Material provided:
════════════════

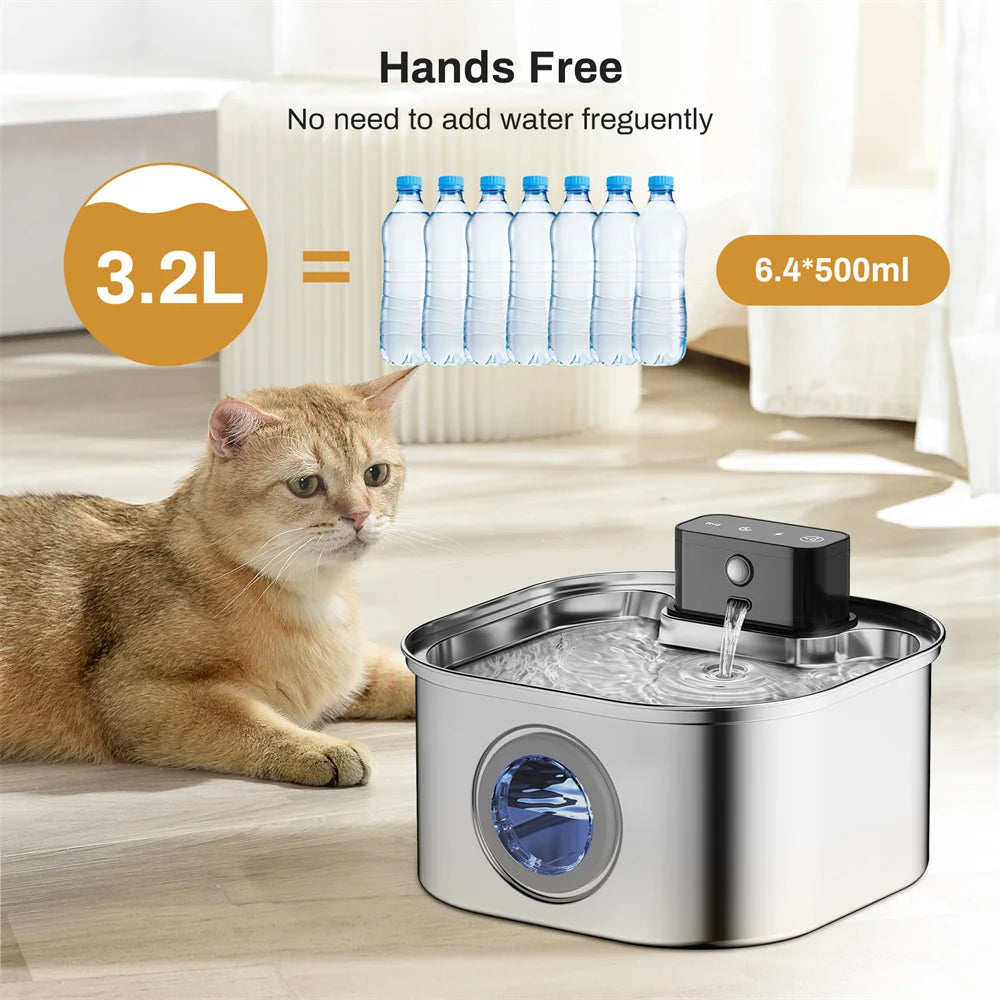 NEW Arrivals 3.2L Sensor Stainless Steel Wireless Charging Cat and Dog Water Fountain Rechargeable Automatic Induction 45 Days Standby Cycle Filter Pet Drinking Bowl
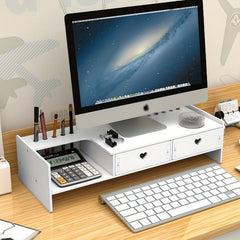 Computer Monitor Stand With Drawers Keyboard Raised Base Shelf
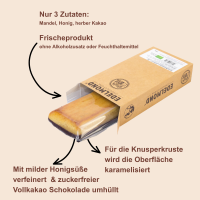 Geflämmtes Marzipanbrot mit herbem Kakao-Fuß. Bio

════════════════

Assignment:
Write the data above out again exactly, every line of it, and exclude the pictures.

Response to this exercise:
 NEW Arrivals 3.2L Sensor Stainless Steel Wireless Charging Cat and Dog Water Fountain Rechargeable Automatic Induction 45 Days Standby Cycle Filter Pet Drinking Bowl
 Computer Monitor Stand With Drawers Keyboard Raised Base Shelf
 Geflämmtes Marzipanbrot mit herbem Kakao-Fuß. Bio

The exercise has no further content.